Long wait over for heralded lineman Powe|[08/14/07]
Published 12:00 am Tuesday, August 14, 2007
OXFORD – It took Jerrell Powe two years to get onto the Ole Miss campus. It’s taken him less than two weeks to break into the starting lineup.
The defensive tackle from Wayne County, whose recruiting saga has played out over the last two years, has impressed the Ole Miss coaching staff enough in his short time in Oxford to win a job as a starting defensive tackle.
“Jerrell Powe has come in and been everything we expected him to be,” Ole Miss head coach Ed Orgeron said at the school’s media day on Monday. “He’s come in in excellent shape and is showing he can be a force in the middle.”
Powe’s trip to Oxford has been a long and winding one.
He originally signed with Ole Miss in 2005, but failed to meet academic requirements. He went to Hargrave Military Academy in Virginia that fall, committed to Ole Miss again in February 2006 and later sued the university to admit him.
The NCAA again denied eligibility to Powe last fall, but he kept working and was finally admitted to Ole Miss on a provisional basis last week. He still needs final approval from the NCAA, which is expected to come by the end of this week.
“We’ve done everything by the book. I said, tell me how you want it done, and done everything how they want it,” Powe said, adding that the drama off the field was fueling him to do better on it. “It’s the only way it’ll go away, is to get better at what you do. It’ll fade away if you do that.”
Orgeron praised Powe’s persistence and held him up as a model for all learning disabled students. Powe tried to downplay that praise, however.

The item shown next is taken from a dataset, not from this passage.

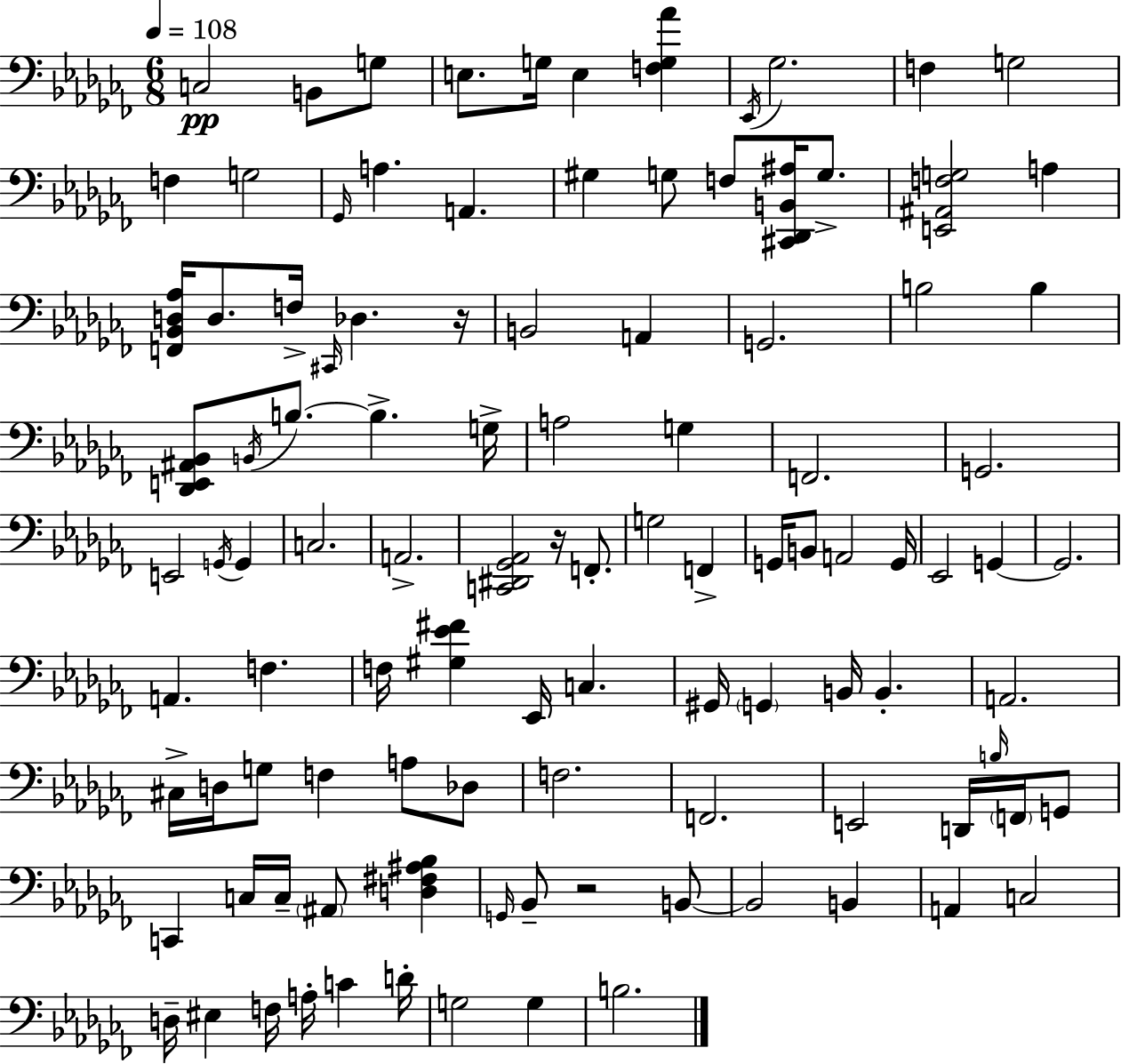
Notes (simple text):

C3/h B2/e G3/e E3/e. G3/s E3/q [F3,G3,Ab4]/q Eb2/s Gb3/h. F3/q G3/h F3/q G3/h Gb2/s A3/q. A2/q. G#3/q G3/e F3/e [C#2,Db2,B2,A#3]/s G3/e. [E2,A#2,F3,G3]/h A3/q [F2,Bb2,D3,Ab3]/s D3/e. F3/s C#2/s Db3/q. R/s B2/h A2/q G2/h. B3/h B3/q [Db2,E2,A#2,Bb2]/e B2/s B3/e. B3/q. G3/s A3/h G3/q F2/h. G2/h. E2/h G2/s G2/q C3/h. A2/h. [C2,D#2,Gb2,Ab2]/h R/s F2/e. G3/h F2/q G2/s B2/e A2/h G2/s Eb2/h G2/q G2/h. A2/q. F3/q. F3/s [G#3,Eb4,F#4]/q Eb2/s C3/q. G#2/s G2/q B2/s B2/q. A2/h. C#3/s D3/s G3/e F3/q A3/e Db3/e F3/h. F2/h. E2/h D2/s B3/s F2/s G2/e C2/q C3/s C3/s A#2/e [D3,F#3,A#3,Bb3]/q G2/s Bb2/e R/h B2/e B2/h B2/q A2/q C3/h D3/s EIS3/q F3/s A3/s C4/q D4/s G3/h G3/q B3/h.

“I ain’t never looked at how big a story it would be. I would tell them not to give up on their dream,” Powe said. “I was like any other student. Just trying to get into school.”
Powe is hardly like any other student, though. He’s a 6-foot-2, 330-pound monster who sits square in the middle of Ole Miss’ line and is a linchpin of their revamped defense.
“You look at Jerrell Powe, a man his size, with that first step and the way he gets off the ball, I haven’t seen anything like that at all,” defensive coordinator John Thompson said.
While Powe believes he’s cleared the last hurdles in his path to eligibility, there’s still a chance the NCAA will deny it. It’s the same situation another Ole Miss starter, linebacker Chris Strong, is in.
Strong, a highly touted recruit from South Panola, was provisionally admitted to school the same day as Powe. And, like Powe, Strong has made quite a splash on the field while he waits for a final verdict. After one day of practice, Orgeron said he had seen enough to give him the starting middle linebacker job.
Orgeron added that he wasn’t concerned about giving playing time to two players who may have to pack up their gear at the end of the week.
“We’re giving them work, but other guys are getting reps too. We’re moving forward. We’re thinking positive,” Orgeron said. “Other guys have had their chance. They had the red jerseys and got beat down.”